## [Task goal]
Please restate word for word each line from the one containing "Montant des dotations" to the last line of the records below, and drop the pictures.

━━━━━━━━━━━━━━━━━━━━━━━━━━━━━━

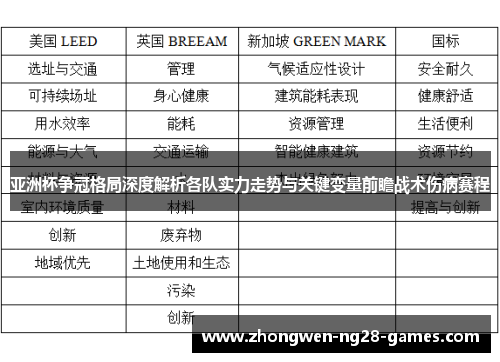 亚洲杯争冠格局深度解析各队实力走势与关键变量前瞻战术伤病赛程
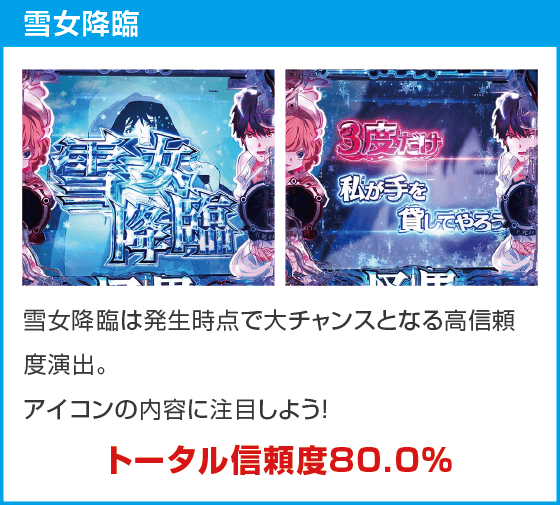e虚構推理のスペック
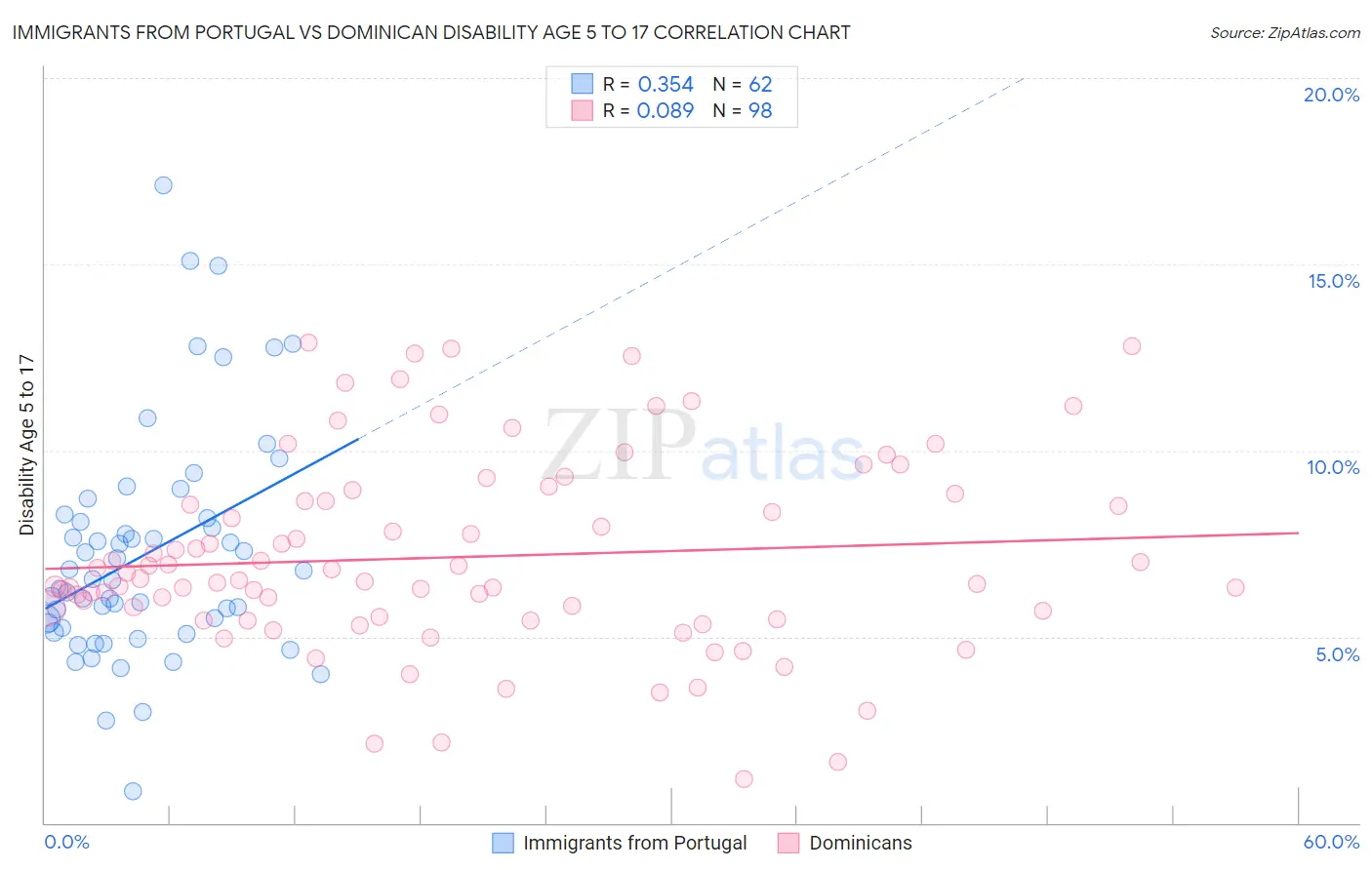 Immigrants from Portugal vs Dominican Disability Age 5 to 17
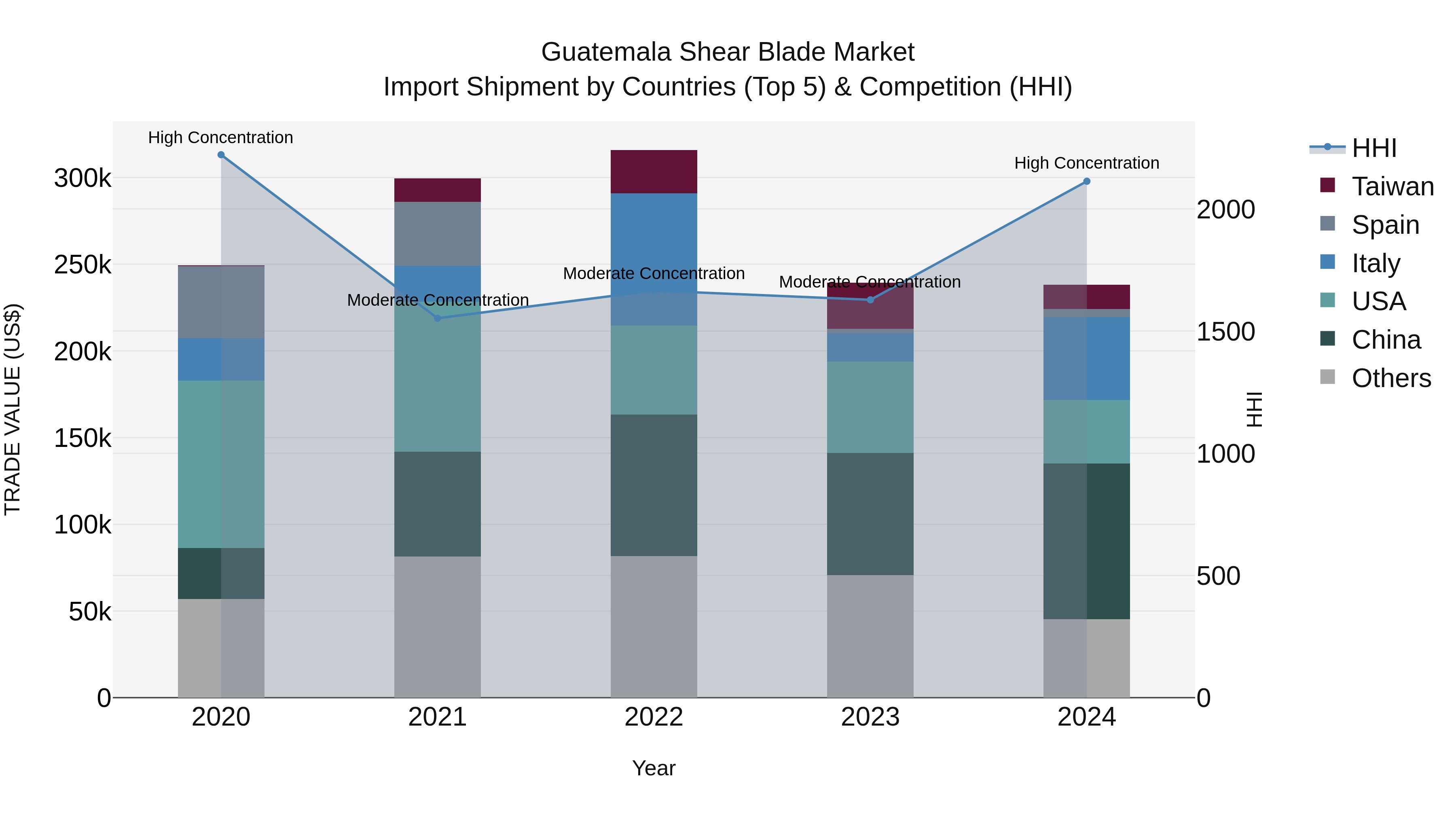 Guatemala Shear Blade Market Top 5 Importing Countries and Market Competition (HHI) Analysis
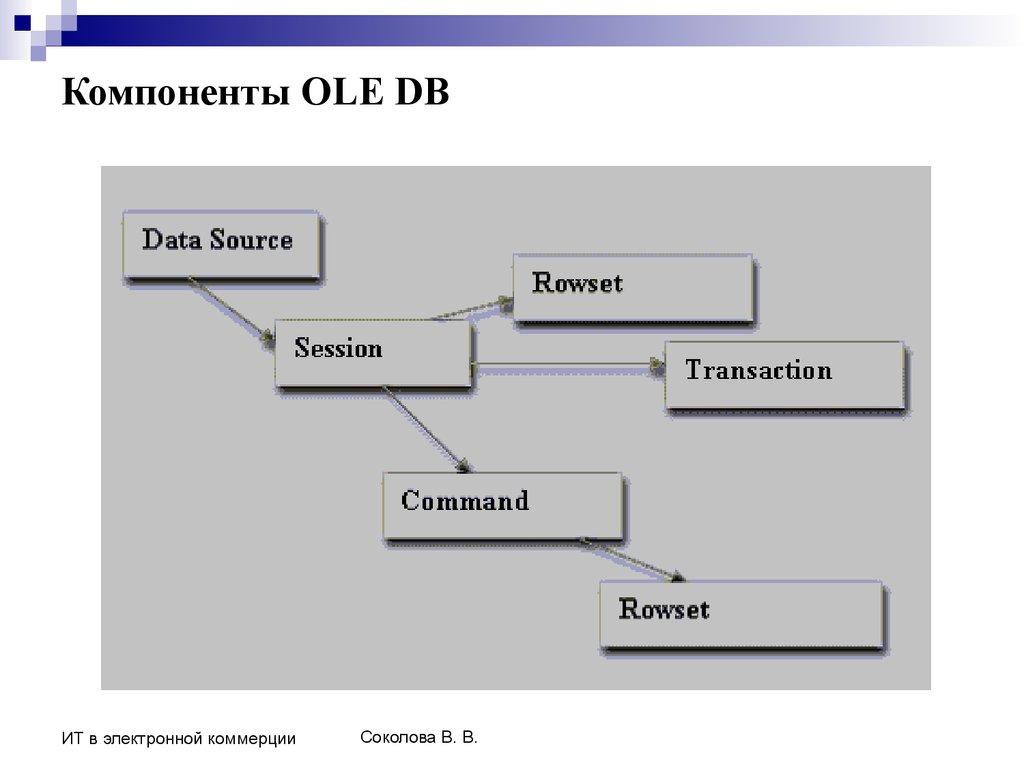Компоненты OLE DB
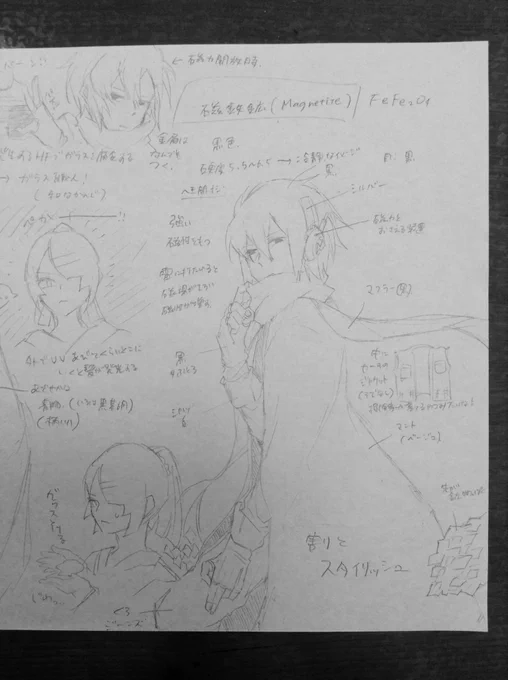 磁鉄鉱(magnetite) FeFe2O4
#鉱物擬人化 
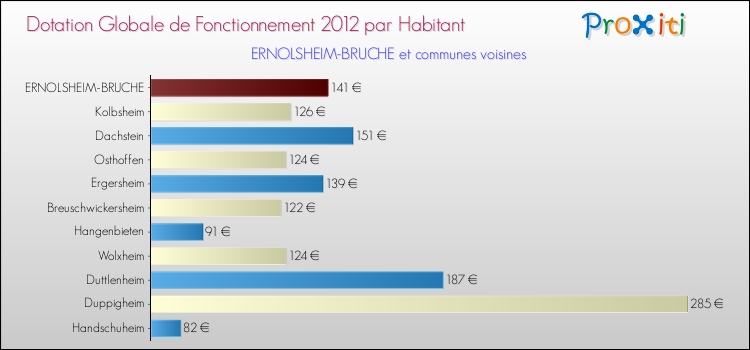 Montant des dotations globales de fonctionnement DGF par Habitant pour ERNOLSHEIM-BRUCHE et les communes proches Comparaison des des dotations globales de fonctionnement DGF par habitant pour ERNOLSHEIM-BRUCHE et les communes voisines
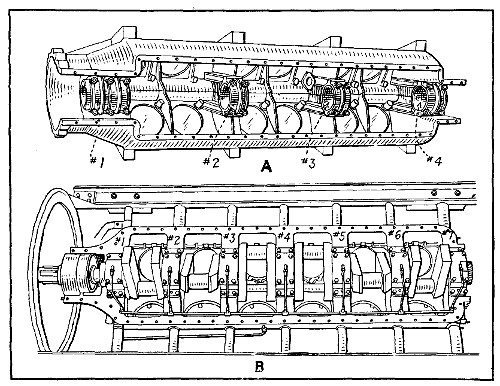 Fig. 138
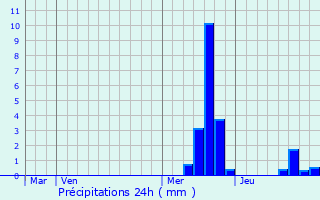 Graphique des précipitations prvues pour Lauf an der Pegnitz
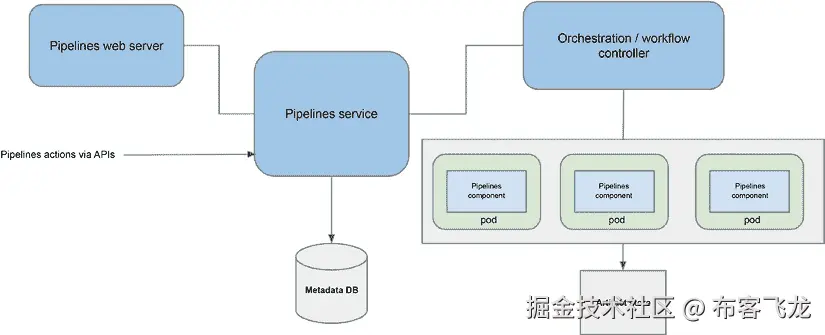 图 7.9 – Kubeflow Pipelines 架构
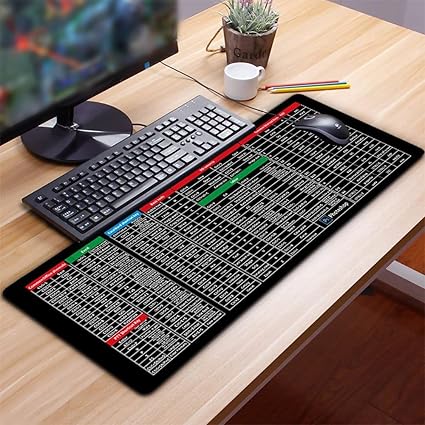 Anti-slip Keyboard Shortcut Pad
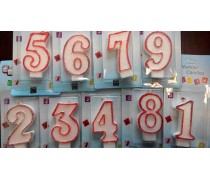 Свічки цифри у червоному контурі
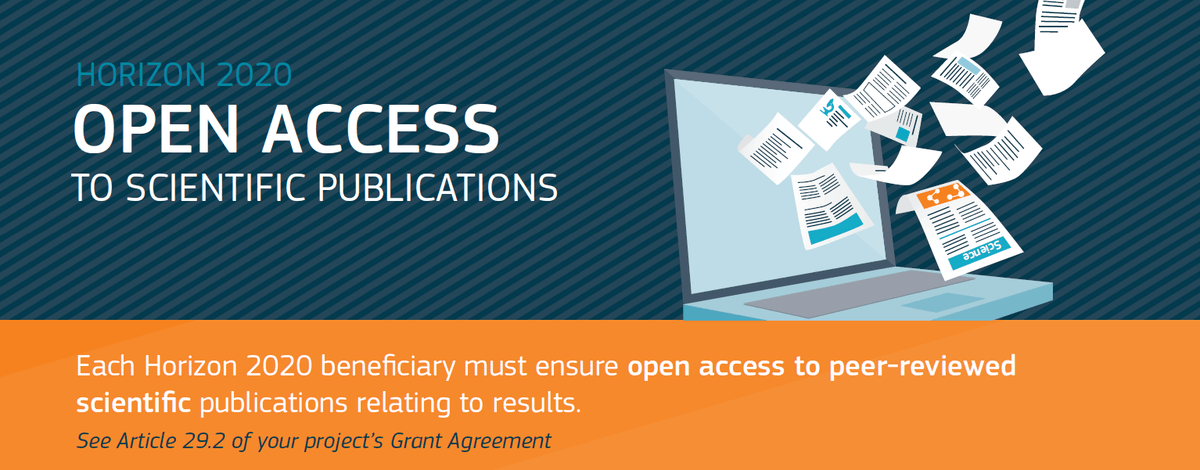 Horizon 2020 Open Access to scientific publicaitons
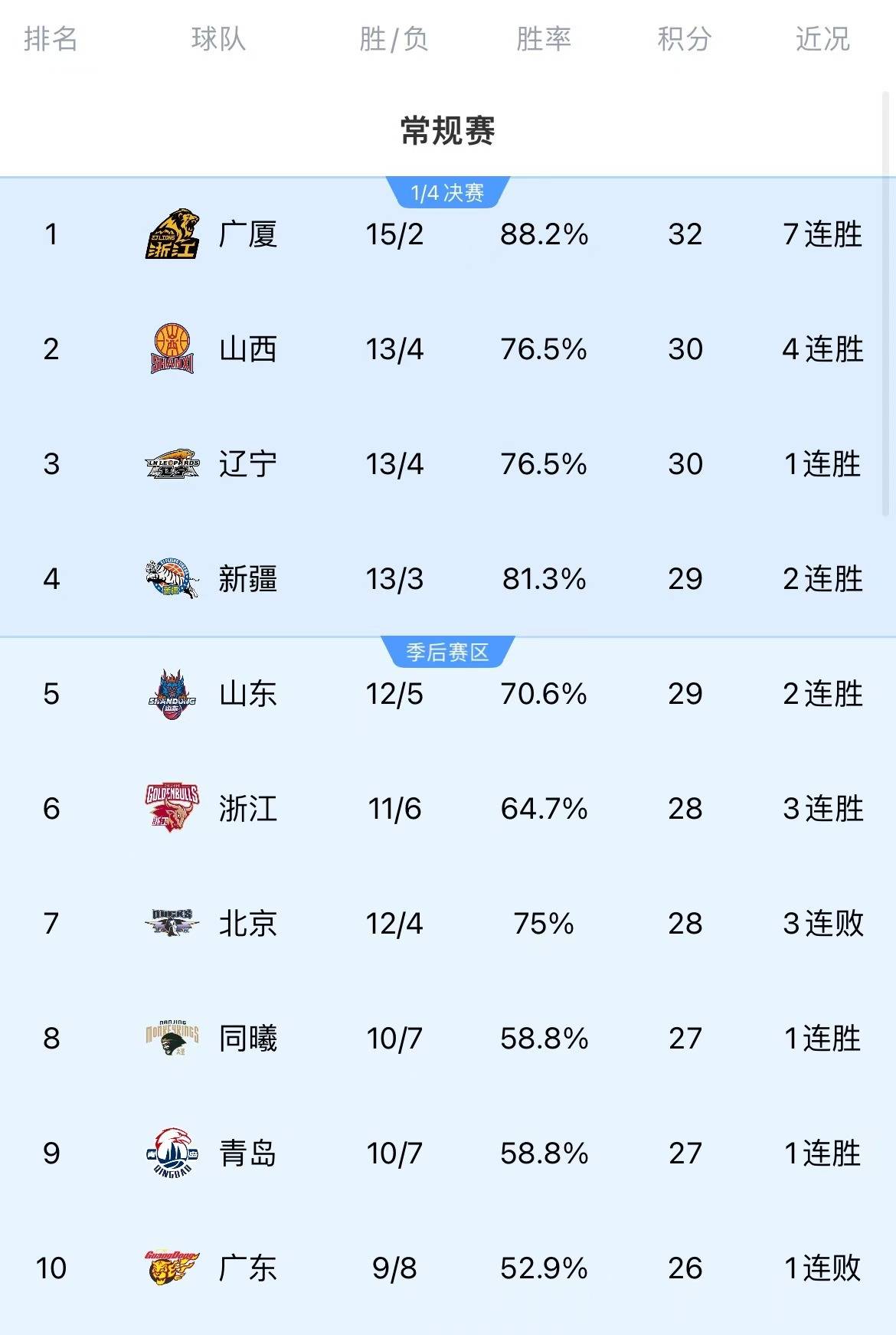 包含篮球大数据：CBA球队如何用数据分析对手战术？的词条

━━━━━━━━━━━━━━━━━━━━━━━━━━━━━━

## [Written response]
 Montant des dotations globales de fonctionnement DGF par Habitant pour ERNOLSHEIM-BRUCHE et les communes proches Comparaison des des dotations globales de fonctionnement DGF par habitant pour ERNOLSHEIM-BRUCHE et les communes voisines
 Fig. 138
 Graphique des précipitations prvues pour Lauf an der Pegnitz
 图 7.9 – Kubeflow Pipelines 架构
 Anti-slip Keyboard Shortcut Pad
 Свічки цифри у червоному контурі
 Horizon 2020 Open Access to scientific publicaitons
 包含篮球大数据：CBA球队如何用数据分析对手战术？的词条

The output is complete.